The first attempt at establishing a language committee took place in 1889 when Eliezer Ben-Yehuda, in conjunction with the organization Safa Brura (Clear Speech; its goal was the advancement of Hebrew speech in the Yishuv), established a Jerusalem-based Literature Committee for the collection and publication of Hebrew words. Unfortunately, the Committee was disbanded in 1891 and only 14 years later was the Language Committee established.
The main push for the foundation of the Language Committee in 1905 came from the Union of Teachers in the Land of Israel, which wanted to make Hebrew the language of instruction and common speech in schools. The teachers saw an immediate need for a body to guide language innovations and the creation of new terms for use by the teachers.
In 1905, the Language Committee was formed by Ben-Yehuda, David Yellin (1864-1941, teacher and researcher), Dr. Eliyahu Sapir (1869-1911, teacher), Dr. Aharon Meir Mazia (1858-1930, physician), Yehiel Michal Pines (1843-1913, rabbi and Zionist activist), and the secretary Haim Ariye Zuta (1868-1939, teacher).
The early days were fraught with uncertainty and, in the opinion of the teachers’ union, a too-careful work pace.
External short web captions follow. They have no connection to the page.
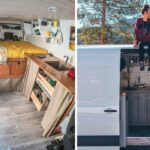 the inside of an rv, a girl sits on top of a motorhome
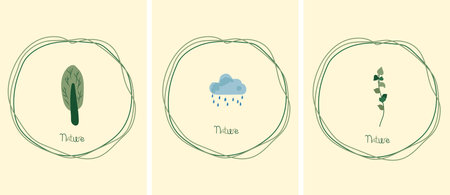 Nature as a source of energy for man. The concept of nature conservation and ecology. Minimalist illustrations suitable for social posters, cards, banners. Vector illustrationのイラスト素材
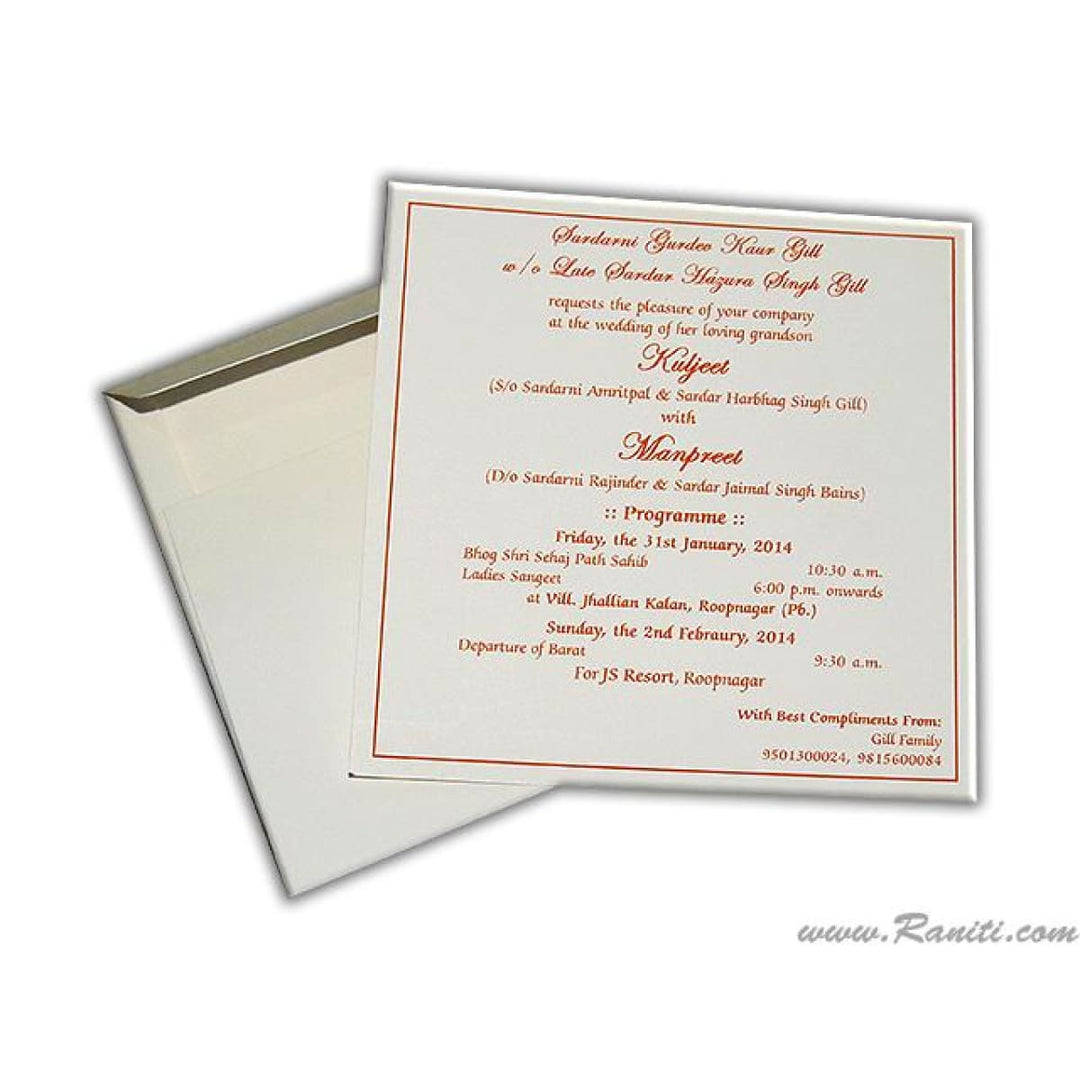 Civil Ceremony | Sikh Wedding Reception Invitation | Wedding Reception Invitation | Wedding Ceremony Custom Invitation Card AMSO-230 freeshipping - Raniti LLC - Custom Invitations & Stationery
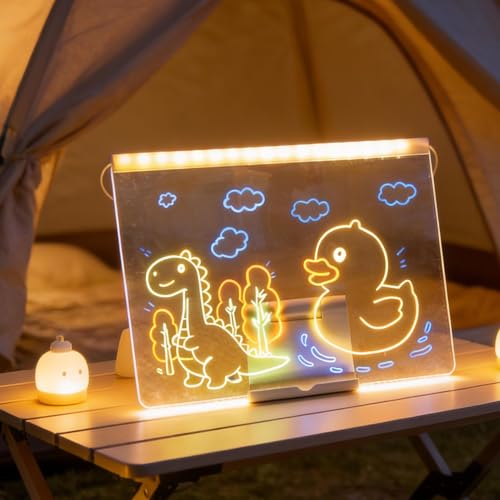 Panel luminoso LED borrable con toma USB y marcadores incluidos 3
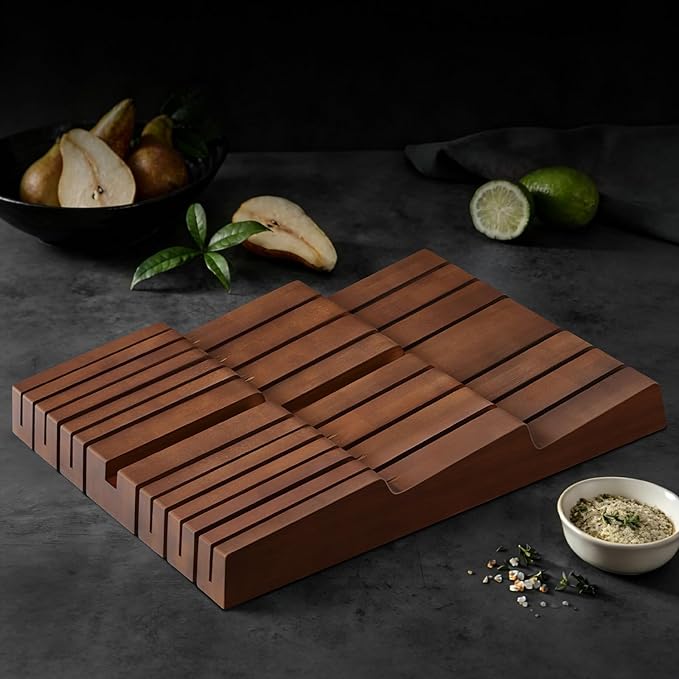 HOSHANHO In-Drawer Knife Block, Large Bamboo Knife Drawer Organizer for 12 Knives, Kitchen Steak Knife Holder for Sharpening Steel, Brown (Knives & Sharpening Not Included)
By 1911, Ahad Ha’am (pen name of Asher Ginsberg, one of the leading Zionists) intervened and attempted to bestow authority over terminology to the Language Committee, but infighting continued.
Eliezer Ben-Yehuda published several lists of the Language Committee’s terms in his newspapers. From 1912-1928 the public learned of its work through the publication of its minutes, lectures, discussions, and lists of words in the Zikhronot Va’ad HaLashon (the Minutes of the Language Committee). Among the issues discussed were the pronunciation of Modern Hebrew and the principles in establishing new Hebrew terms to replace foreign words. The first published words included lists of plant names, dress, food, furniture, and geography.
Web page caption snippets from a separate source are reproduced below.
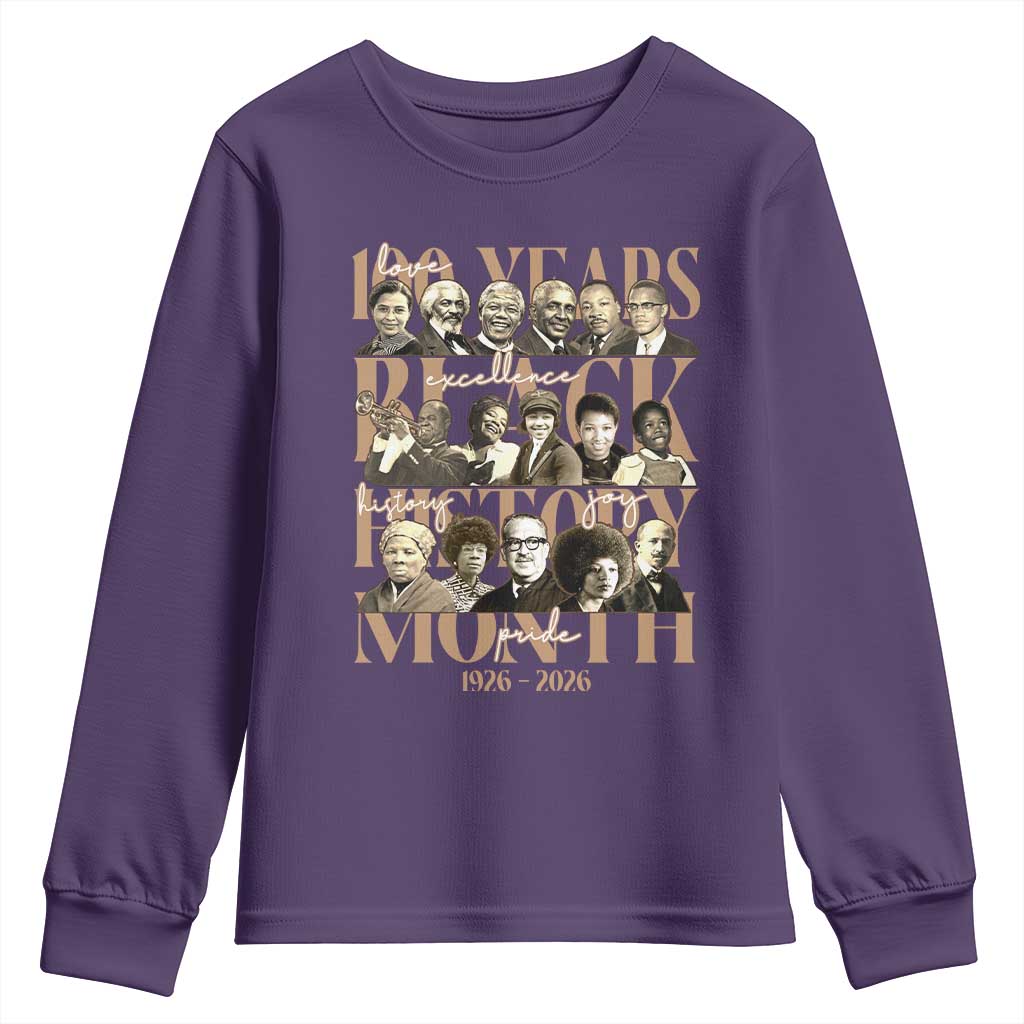 100 Years Of Black History Month Youth Sweatshirt African American Historical Figures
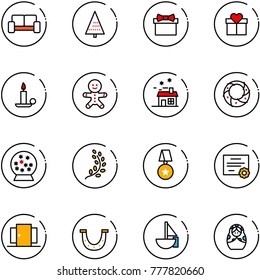 line vector icon set - vip waiting area vector, christmas tree, gift, candle, cake man, house, wreath, snowball, golden branch, star medal, certificate, doors, luck, sailboat toy, russian doll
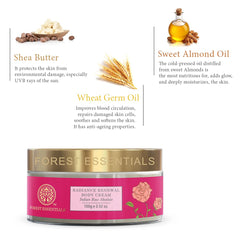 Forest Essentials body cream jar with ingredient callouts, rose absolute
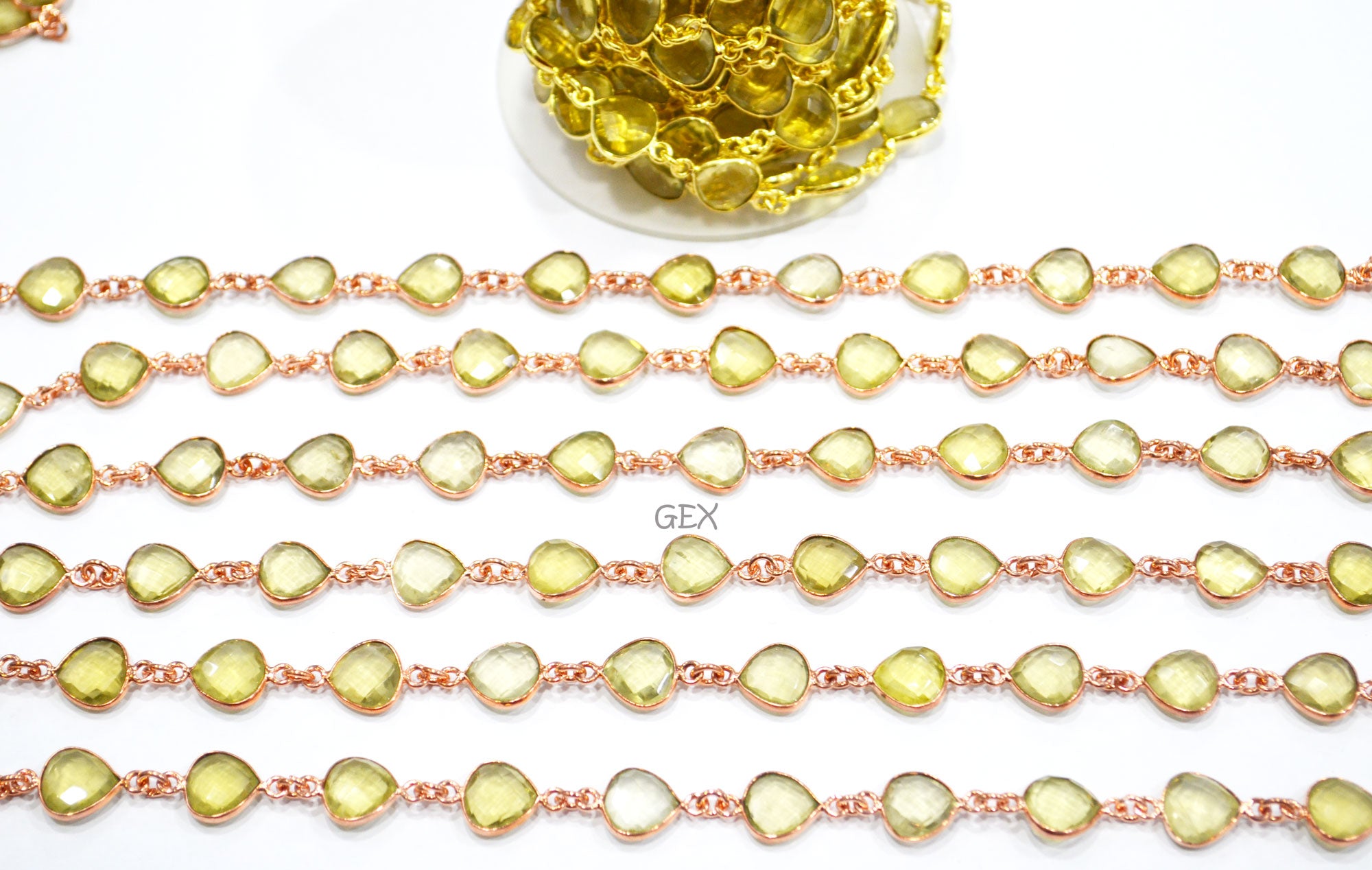 Natural Lemon Quartz Faceted Heart Shape Connector Chain , 11 mm , RB-7244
The Language Committee’s activities came to a halt during World War I and began again after the British conquest of the Holy Land. Other members were eventually added to the Language Committee, including educators, authors, and linguists. During this period, the Language Committee discussed the future of the organization and envisioned a place of study, scientific research, and innovation. Soon its name was temporarily changed to Midrash HaLashon (The Language Institute).
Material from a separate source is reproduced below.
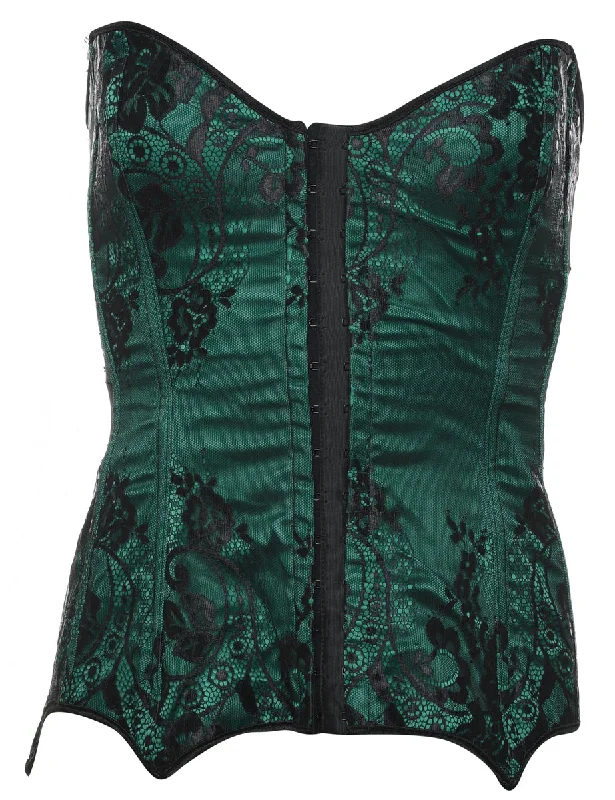 Black & Dark Green Boned Lace Corset - S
The Language Committee began negotiations with the British over the acknowledgement of Hebrew as an official language, alongside the already officially recognized Arabic. During these years, the idea of Hebrew as a common tongue underwent a substantial change in the Yishuv and it was now considered the national language of the Jewish settlement and its institutions. Though the Committee did not receive financial support from the Yishuv leadership, which remained a problem until the formal establishment of the Academy of the Hebrew Language, its scholars aided in answering questions and forming terms for the various Yishuv bodies.
Upon Ben-Yehuda’s death in 1922, the Committee recessed until 1924, when poet Haim Nachman Bialik made aliya and joined the Committee as its new president (alongside Yellin and Mazia). By 1926, the Committee’s efforts bore more fruit and additional scholars were appointed, including editors and journalists, grammarians, researchers, and authors. Various sub-committees were formed in specific fields with grammarians working alongside professionals to create new viable Hebrew terms.
The quarterly publication, Leshonenu, was established in 1928, and many word lists and professional dictionaries were published: some 30,000 terms in 60 professions.
By the 1948 War of Independence, the Language Committee was active in several cities throughout the country and aided in the formation of governmental terms for the burgeoning state. During the war, however, when Jerusalem (the hub of activity) was isolated from the rest of the country, the work of the Language Committee slowed down significantly. The serious defense situation negatively influenced the funding of the Language Committee since it had never been recognized as an official national body and received no financial support apart from a few private donations.